Let $\{a_n\}$ be a bounded and non-decreasing sequence of reals, and $b_n = n(a_{n+1} - a_{n})$.
(a) Show that $\liminf b_n = 0$
(b) Give an example of a sequence $\{a_n\}$ such that $\{b_n\}$ diverges.
I know that $a_{n+1} \geq a_{n}, \forall n$,
Hence, $a_{n+1} - a_{n} \geq 0, \forall n$.
Also, we have that $\exists B >0$ s.t $|a_n| \leq B, \forall n$.
Hence, $b_n \geq 0$ and $|b_n| \leq n2B$
If $\{a_n\}$ is bounded, then $\{a_n\}$ converges by Bolzano Weierstrass Theorem, since $\{a_n\} \subseteq [-B,B]$
Now, since $\{a_n\}$ converges, there exists a subsequence $\{a_{n_k}\}$ of bounded variation, hence $\forall \epsilon >0, \exists N >0, \forall n_k\geq N$,
$|a_{n_{k+1}} - a_{n_k}| < \epsilon$
But I can't proof that the $\liminf b_n =0$.
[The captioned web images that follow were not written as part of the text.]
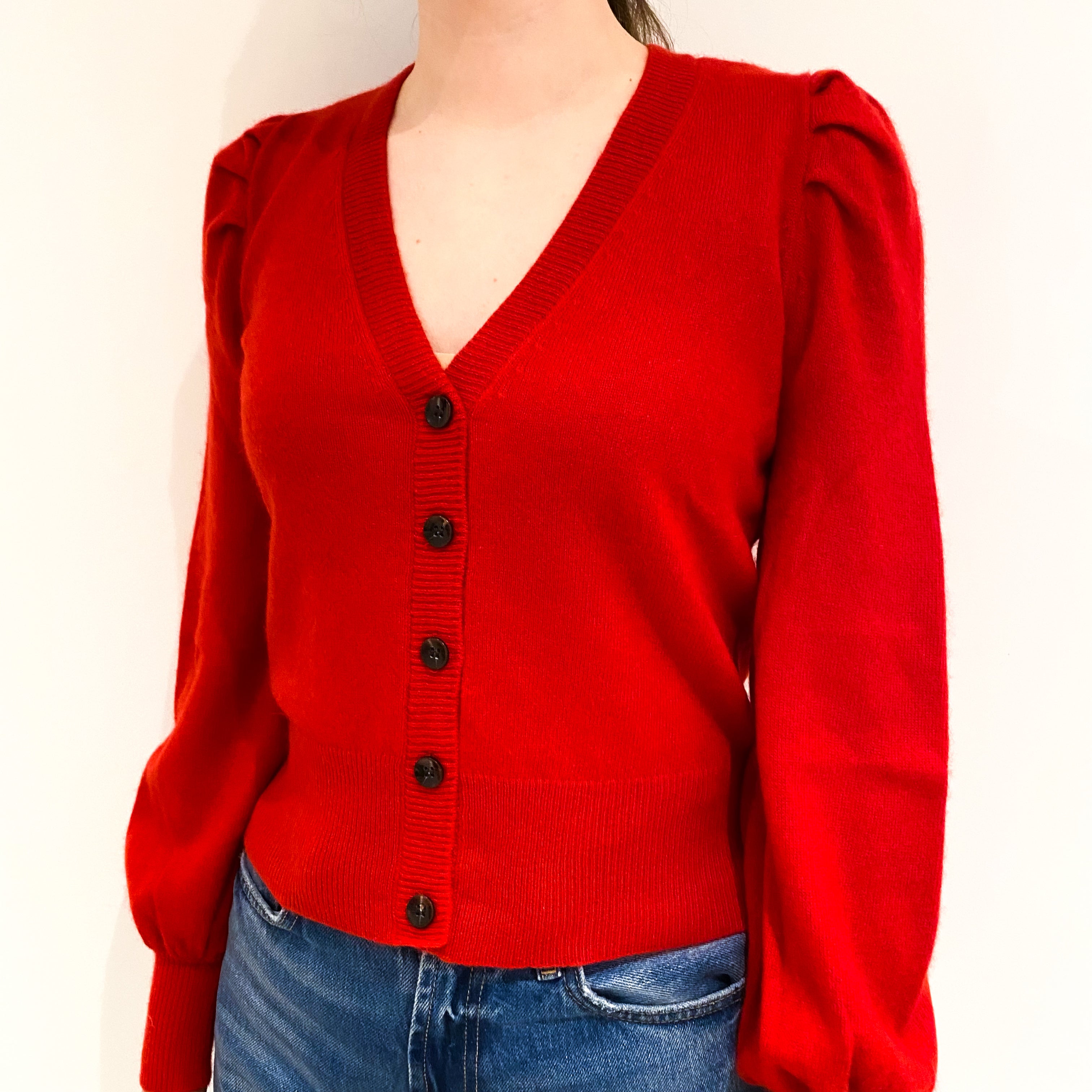 Scarlet Red Puff Shouldered Cashmere V-Neck Cardigan Extra Small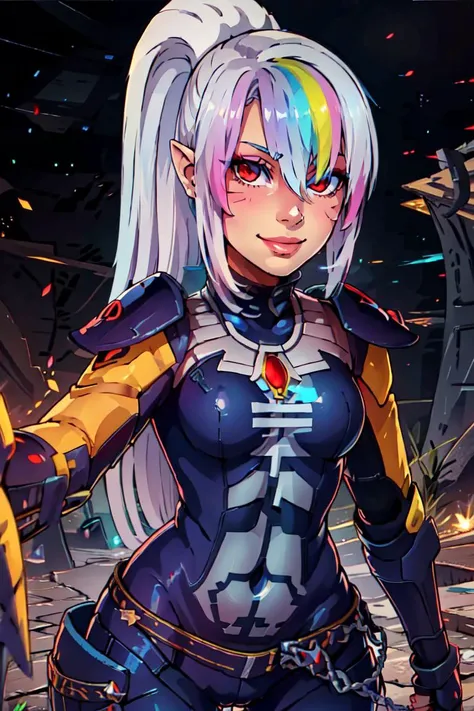 ((masterpiece,best quality)), <lora:Eldar_World:0.8>, Eldar_World, scifi, long hair, ponytail, jewelry, white hair, armor, makeup, lipstick, body armor, gauntlets, shoulder armor, cowboy shot,  <lora:Roxy_Citron_OC_AnyLora:0.7>, Roxy_Citron_OC, 1girl, solo, pointy ears, armor, colored skin, magic, red eyes, white hair, rainbow hair, long hair, streaked hair, hair between eyes, smile, blue glow, blue theme, swirling energy,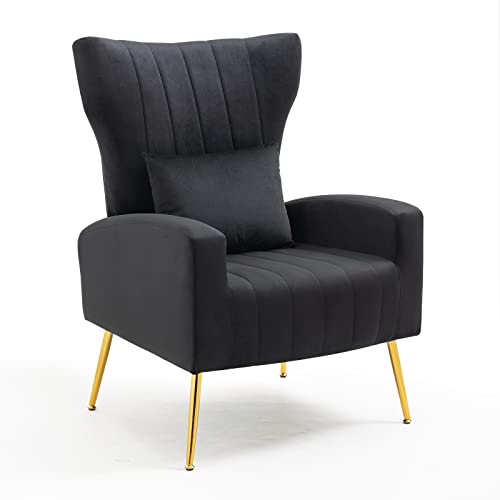 Living Room Chairs Set of 2 Modern Velvet Accent Chairs with Lumbar Pillow, High Back Armchair Arm Chairs with Gold Metal Legs for Bedroom, Green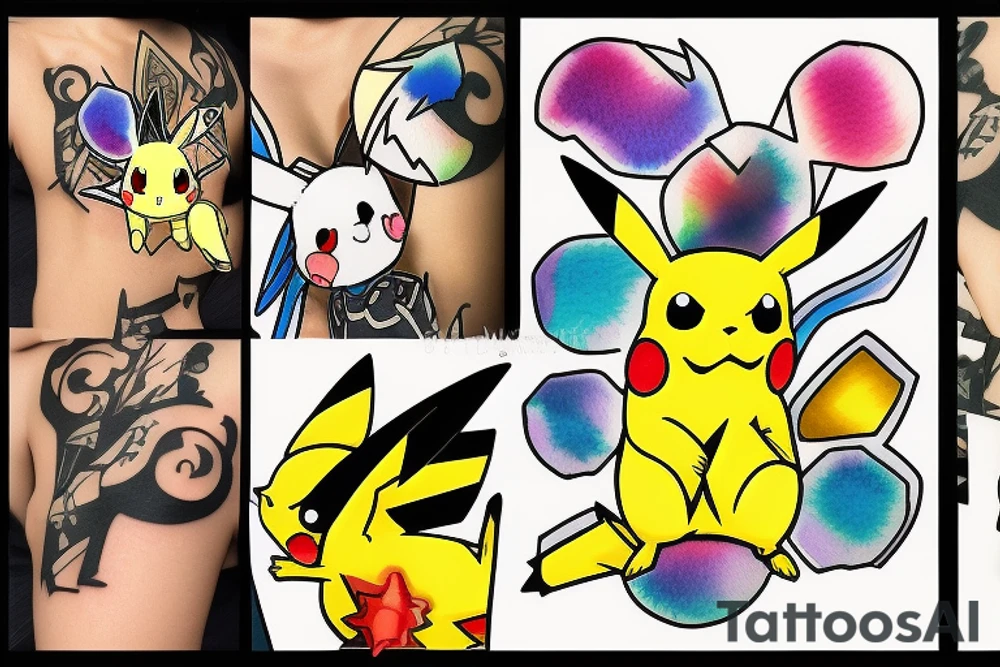 Anime pikachu tattoo idea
Assume that $c = \liminf b_n > 0$. Then there is a $N \in \Bbb N$ such that $$ n(a_{n+1} - a_{n}) = b_n > \frac c2 > 0 \implies a_{n+1} - a_n > \frac{c}{2n} $$ for all $n \ge N$. Summing the last inequality gives $$ a_{n} = a_N + \sum_{j=N}^{n-1} (a_{j+1} - a_j) > a_N + \frac c2 \sum_{j=N}^{n-1} \frac 1j $$ for $n \ge N$. Since the harmonic series diverges, it follows that $a_n \to \infty$, contrary to the assumption that the sequence $(a_n)$ is bounded.